Formulating problems under the MRF framework involves to find the data term and the smoothness term energy functions. The data term, sometimes called the evidence term, measures how a decision of one node is locally supported by statistics of the problem instance. The smoothness term, on the other hand, measures how one node's decision is compatible with the other one's on the common edge. The definition of both functions is nevertheless set free to the designer. For example, in this paper the author choose example patches from a large dataset for the possble states of MRF nodes. This formulation effectively quantize the huge decision space to a few most "nature" ones.

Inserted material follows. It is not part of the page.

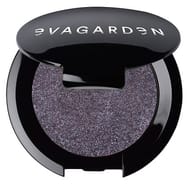 OMBRETTO CELESTIAL 245 BIG BANG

The resulting MRF problem is then solved with belief propagation.

 

Strictly speaking, the answer we found through belief propagation is still local optima, just with theoretical guarantees of higher quality. The visual quality of answer, however, turns out to meet most people's need in many cases. BP is certainly not the only way we can solve MRF problems. In the recent years, a lot of new solvers were proposed, including graph cut and tree-reweighted message passing. They all provide solutions with even higher quality in more efficient ways. The remaining problem would be to find a really suitable energy for your problem, which is, after all, the fundamental diffculty in the algorithm design.